Diego
Diego

Reputation: 7562

Can I have an SVN Repo as a source for a GIT Repo

I have a project in an SVN source, which will have to be migrated to a Git repository. What I'd like to do is committing all changes to Git repo from now on, while still fetching eventual changes from SVN, until it's dismissed.

At the moment, I created the Git Repo, used git svn to clone it from the original SVN and pushed everything into Git. Issue is, if I do a Pull, I'm fetching the modifications from Git, which is not what I want.

In practice, I'm trying to "fork" the SVN repository into Git and tracking SVN changes. Is it possible to do that?

Thanks in advance for the answers.

Upvotes: 0

Views: 77

Answers (3)

Dmitry Pavlenko
Dmitry Pavlenko

Reputation: 8958

If you want to use Git while letting 3rd parties to use your SVN repository, you can simply use any transparent Git<->SVN gateway, like SubGit. You will continue with Git forgetting about SVN, and SVN-users will never know you have a Git interface.

Upvotes: 1

alternative
alternative

Reputation: 13002

Currently, there is git svn rebase, as mentioned, which will allow you to get upstream changes from svn.

Note that there is currently a GSoC project for adding svn remotes. Its on its fifth version of the patch series at the moment.
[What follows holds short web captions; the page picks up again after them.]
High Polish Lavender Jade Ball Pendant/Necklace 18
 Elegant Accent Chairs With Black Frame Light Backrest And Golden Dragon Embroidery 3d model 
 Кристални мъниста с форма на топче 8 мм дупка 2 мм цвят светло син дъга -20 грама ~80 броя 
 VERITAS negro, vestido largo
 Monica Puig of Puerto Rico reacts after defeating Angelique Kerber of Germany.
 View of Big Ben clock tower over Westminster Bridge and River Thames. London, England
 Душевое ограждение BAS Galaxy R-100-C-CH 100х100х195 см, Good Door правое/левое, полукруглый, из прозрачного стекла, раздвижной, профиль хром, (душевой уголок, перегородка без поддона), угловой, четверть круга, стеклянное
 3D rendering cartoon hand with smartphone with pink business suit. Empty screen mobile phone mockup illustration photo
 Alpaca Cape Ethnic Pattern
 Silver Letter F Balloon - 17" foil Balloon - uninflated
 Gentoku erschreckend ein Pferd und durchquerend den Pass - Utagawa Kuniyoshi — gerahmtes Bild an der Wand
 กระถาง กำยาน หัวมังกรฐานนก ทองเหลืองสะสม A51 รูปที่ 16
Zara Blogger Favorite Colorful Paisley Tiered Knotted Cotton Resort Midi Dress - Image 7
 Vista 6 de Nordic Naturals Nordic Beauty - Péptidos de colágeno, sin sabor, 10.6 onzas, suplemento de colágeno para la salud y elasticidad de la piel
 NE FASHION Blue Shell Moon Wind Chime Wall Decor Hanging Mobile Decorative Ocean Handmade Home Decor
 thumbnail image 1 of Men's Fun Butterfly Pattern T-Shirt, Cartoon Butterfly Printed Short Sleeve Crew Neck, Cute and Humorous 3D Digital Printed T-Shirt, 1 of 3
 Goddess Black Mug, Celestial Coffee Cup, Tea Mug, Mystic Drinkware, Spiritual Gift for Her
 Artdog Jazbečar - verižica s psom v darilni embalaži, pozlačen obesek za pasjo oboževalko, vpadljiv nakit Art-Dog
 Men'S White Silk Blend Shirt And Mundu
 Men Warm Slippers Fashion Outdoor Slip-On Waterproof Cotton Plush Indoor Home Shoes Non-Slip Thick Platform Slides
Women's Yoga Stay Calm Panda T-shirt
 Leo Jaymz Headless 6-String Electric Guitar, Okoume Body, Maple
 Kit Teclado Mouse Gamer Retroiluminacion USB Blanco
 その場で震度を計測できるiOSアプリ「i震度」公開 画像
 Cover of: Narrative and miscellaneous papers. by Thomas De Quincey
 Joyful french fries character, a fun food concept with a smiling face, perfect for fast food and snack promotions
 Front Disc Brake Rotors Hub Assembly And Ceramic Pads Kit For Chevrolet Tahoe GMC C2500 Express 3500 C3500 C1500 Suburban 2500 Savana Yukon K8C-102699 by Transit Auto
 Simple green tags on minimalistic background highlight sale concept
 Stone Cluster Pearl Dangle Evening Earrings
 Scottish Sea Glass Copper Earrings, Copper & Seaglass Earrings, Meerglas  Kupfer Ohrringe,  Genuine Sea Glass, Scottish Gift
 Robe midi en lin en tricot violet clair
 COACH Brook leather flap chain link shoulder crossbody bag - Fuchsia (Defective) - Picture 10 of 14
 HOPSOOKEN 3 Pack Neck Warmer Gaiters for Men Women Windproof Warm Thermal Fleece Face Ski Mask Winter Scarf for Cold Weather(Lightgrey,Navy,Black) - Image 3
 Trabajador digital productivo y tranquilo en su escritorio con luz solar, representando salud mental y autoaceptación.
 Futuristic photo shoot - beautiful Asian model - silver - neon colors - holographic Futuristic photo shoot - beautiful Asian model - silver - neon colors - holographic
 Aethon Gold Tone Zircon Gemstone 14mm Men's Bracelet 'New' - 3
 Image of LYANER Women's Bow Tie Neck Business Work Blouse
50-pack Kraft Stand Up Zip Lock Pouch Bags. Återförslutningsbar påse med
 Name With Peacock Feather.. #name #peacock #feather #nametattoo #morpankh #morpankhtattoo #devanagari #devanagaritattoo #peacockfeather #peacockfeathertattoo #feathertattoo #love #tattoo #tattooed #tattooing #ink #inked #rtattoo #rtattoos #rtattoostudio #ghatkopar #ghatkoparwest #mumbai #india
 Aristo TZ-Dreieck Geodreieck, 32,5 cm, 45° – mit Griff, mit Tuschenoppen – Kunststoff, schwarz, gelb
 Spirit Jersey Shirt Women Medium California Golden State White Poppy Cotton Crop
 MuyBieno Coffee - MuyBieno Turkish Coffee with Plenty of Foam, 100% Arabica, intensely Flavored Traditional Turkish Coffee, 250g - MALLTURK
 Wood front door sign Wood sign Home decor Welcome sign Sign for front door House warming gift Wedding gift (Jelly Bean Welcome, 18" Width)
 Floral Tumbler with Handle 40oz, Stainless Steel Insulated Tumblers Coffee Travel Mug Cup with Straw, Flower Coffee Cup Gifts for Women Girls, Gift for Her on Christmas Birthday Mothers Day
git svn rebase will cause you extreme problems, though, for example if you push to a public repository and git svn rebase. For this reason you cannot push changes not in svn to the main git repository.

Upvotes: 1

jolivier
jolivier

Reputation: 7635

Yes you can do that, in your git repo, the master branch is tracking git-svn so when you run git svn rebase it updates master with the content in SVN. In this same repository you can have another branch which merges regularly master but contains modifications that will not be sent back to SVN.

While migrating from svn to git we have the same workflow than described in this answer.